- Directed by: Georg Wilhelm Pabst
- Written by: Adolf Lantz; Ladislaus Vajda; Helen Gosewisch; Franz Schulz (story);
- Produced by: Fred Lyssa
- Starring: Gustav Diessl; Brigitte Helm; Hertha von Walther;
- Cinematography: Theodor Sparkuhl
- Edited by: Georg Wilhelm Pabst; Mark Sorkin;
- Music by: Elena Kats-Chernin; (1999 restored version);
- Production company: Erda-Film GmbH
- Distributed by: Deutsche Universal-Film
- Release date: 10 August 1928 (Germany);
- Running time: 98 minutes
- Country: Germany
- Languages: Silent film; German intertitles;

= The Devious Path =

1928 film by Georh Wilhelm Pabst

The Devious Path (Abwege), also titled Crisis, is a 1928 German silent drama film directed by Georg Wilhelm Pabst starring Gustav Diessl and Brigitte Helm.

==Plot==
Irene is frustrated by the inattentiveness of her lawyer husband Thomas, who refuses to go out with her and makes no secret of his aversion against her friend Liane. Attracted by artist Walter Frank, Irene visits him in his studio and agrees to his proposal to elope to Austria together, but Thomas puts an end to their plan. Later, she accompanies Thomas's colleague Möller to a nightclub, where she meets Liane and her friends and makes the acquaintance of boxer Sam. When Irene returns home, the couple seems to come closer to each other again, but when Thomas discovers a mascot which she took with her from the nightclub, he withdraws from her.

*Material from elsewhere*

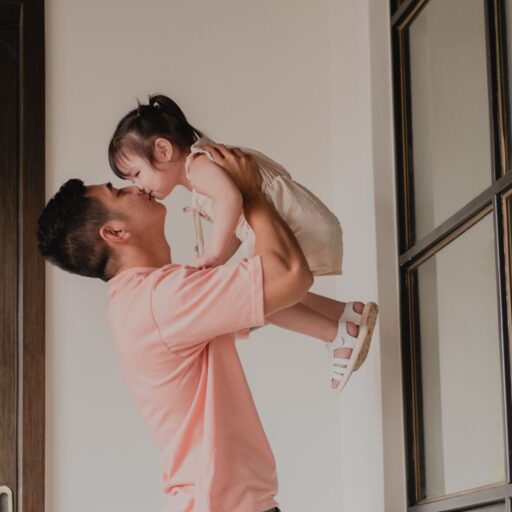 father kissing daughter as he picks her high up into the air.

The next day, Liane and her friends pay Irene a visit, who is still lying in bed. Enervated by her guests, she becomes even more infuriated when Thomas makes no move to send them away. She visits Sam's workout place and talks him into visiting Frank's studio together. After fighting off Sam's advances, Liane causes a scene by making Thomas, who was told of her whereabouts by Liane, believe that she was about to sleep with Frank.

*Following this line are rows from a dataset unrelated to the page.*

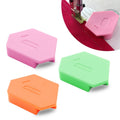 Set of three magnetic fabric seam guide blocks in pink, green, and orange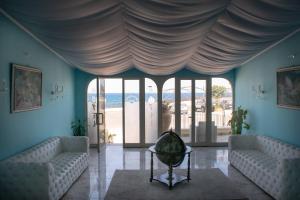 a living room with two couches and a large window at Hotel Porto Azzurro in Giardini Naxos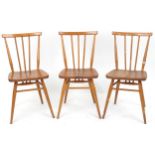 Ercol, three mid century light elm 391 chairs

Some time later, Irene and Thomas appear at court for their divorce, but no sooner that their marriage has been dissolved, they rediscover their feelings for each other and decide to get married again.

==Cast==
- Gustav Diessl as Dr. Thomas Beck
- Brigitte Helm as Irene Beck
- Hertha von Walther as Liane
- Jack Trevor as Walter Frank
- Fritz Odemar as Councillor Möller
- Nico Turoff as Sam Taylor
- Ilse Bachmann as Anita Haldern
- Richard Sora as André
- Peter Leschka as Robert
- Irm Cherry as Daisy
- Irma Green as Gina
- Tita Christescu as maid
- Jimmy Lygelt as second boxer

==Production==
The Devious Path was produced by Berlin-based company Erda Film for Universal Pictures. The film's sets were designed by the art directors Otto Erdmann and Hans Sohnle.

==Release and legacy==
The Devious Path premiered in Hamburg on 10 August 1928 and in Berlin on 5 September 1928.

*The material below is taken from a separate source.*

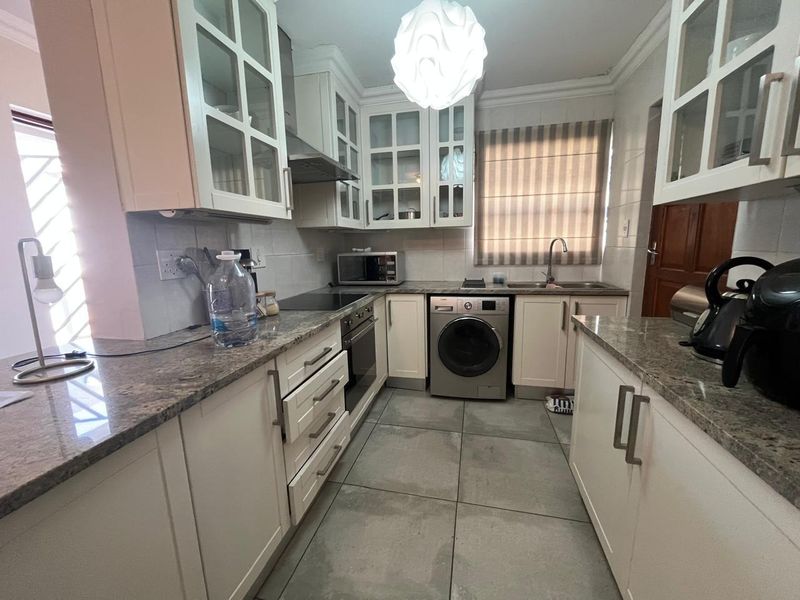 A functional kitchen featuring granite countertops, glass-fronted cabinetry, built-in oven, electric hob, and an integrated washing machine.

In 1998, a restored version of the film was compiled from an incomplete German film negative and an incomplete print with French intertitles. This version premiered on Arte TV on 10 June 1999.

==Reception==
In his 1947 study From Caligari to Hitler, film historian Siegfried Kracauer rated The Devious Path as "negligible if it were not for the nightclub scenes in which Pabst manages to evoke the impression that his characters are as they are because of the emptiness of the world they inhabit". Commenting on the film's restoration, the Filmdienst called Pabst's film a chamber play which "clear-sightedly reflects its characters' hollow rituals" and has remained "remarkably timeless" in its handling of subject and form.